=== Record extracts ===
● ● ●

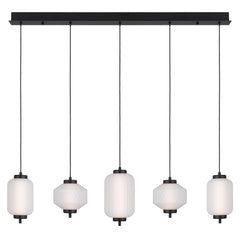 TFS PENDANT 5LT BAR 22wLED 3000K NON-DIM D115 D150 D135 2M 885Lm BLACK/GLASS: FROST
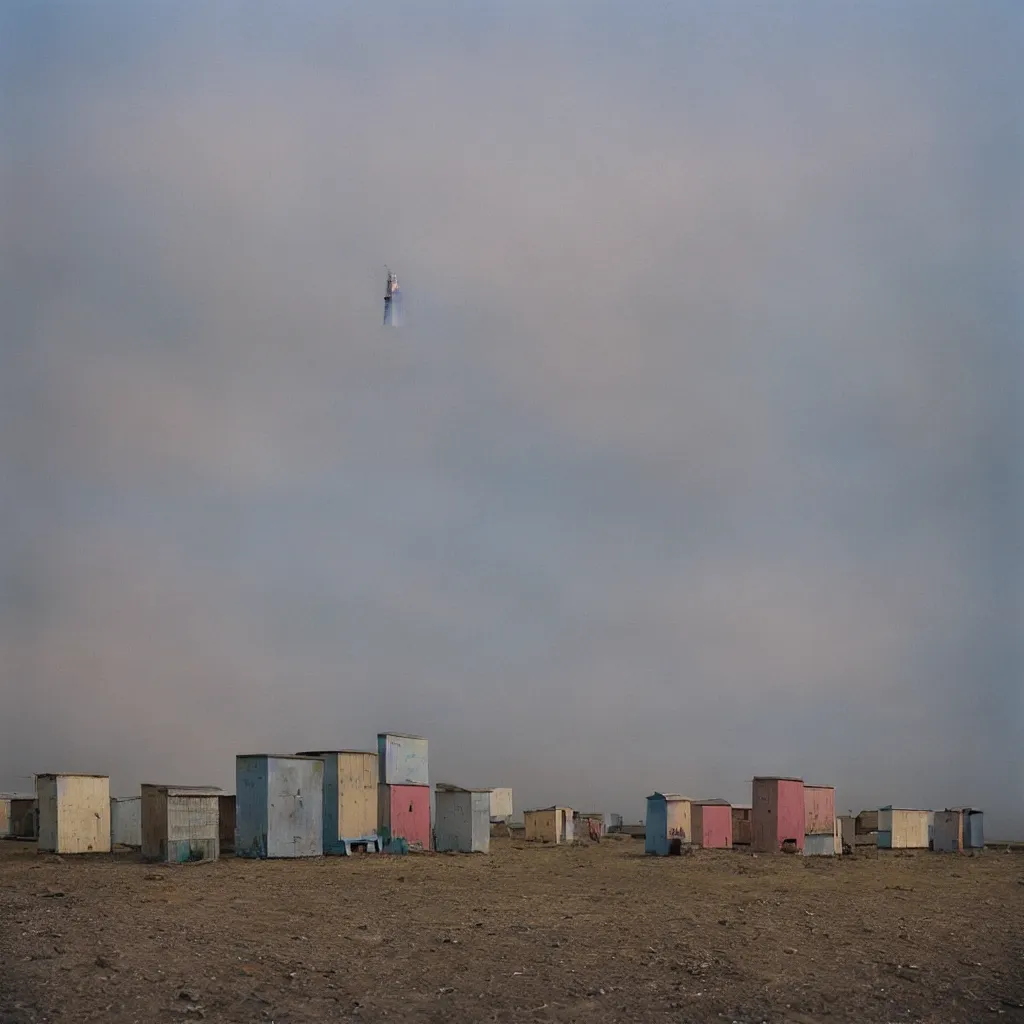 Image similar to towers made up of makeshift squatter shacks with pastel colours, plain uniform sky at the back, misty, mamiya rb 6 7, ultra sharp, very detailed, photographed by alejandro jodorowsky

● ● ●

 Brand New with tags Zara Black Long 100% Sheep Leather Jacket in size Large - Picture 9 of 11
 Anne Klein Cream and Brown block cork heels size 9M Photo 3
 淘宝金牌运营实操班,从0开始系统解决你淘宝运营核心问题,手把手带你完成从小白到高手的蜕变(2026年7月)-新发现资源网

● ● ●

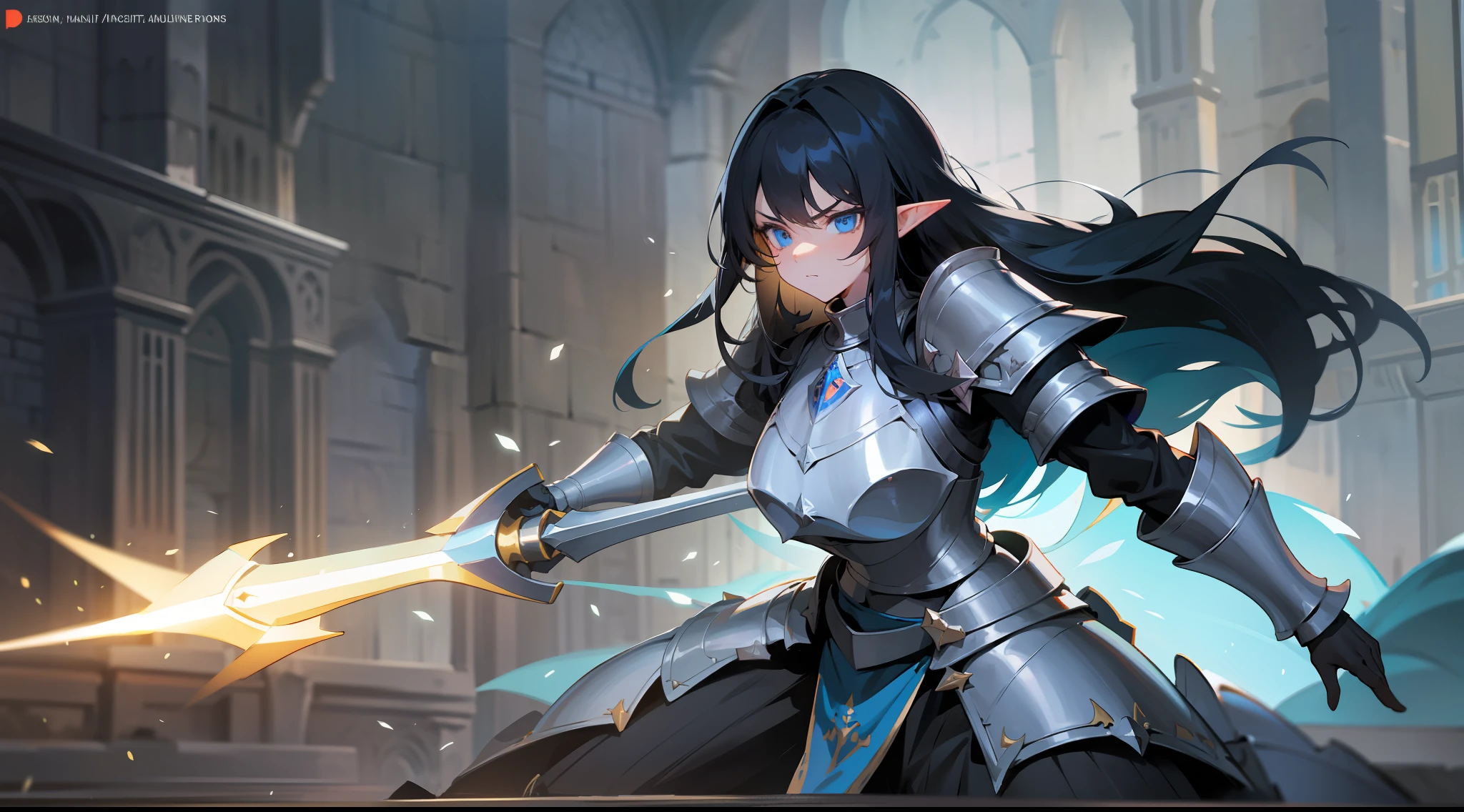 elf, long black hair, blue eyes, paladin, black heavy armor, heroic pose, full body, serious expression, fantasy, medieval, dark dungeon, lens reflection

● ● ●

=== Work task ===
In the listing above, find the line holding "TFS PENDANT 5LT" and the line holding "Image similar to". Reproduce those two lines and all between them exactly, leaving out pictures.

=== Result for this exercise ===
 TFS PENDANT 5LT BAR 22wLED 3000K NON-DIM D115 D150 D135 2M 885Lm BLACK/GLASS: FROST
 Image similar to towers made up of makeshift squatter shacks with pastel colours, plain uniform sky at the back, misty, mamiya rb 6 7, ultra sharp, very detailed, photographed by alejandro jodorowsky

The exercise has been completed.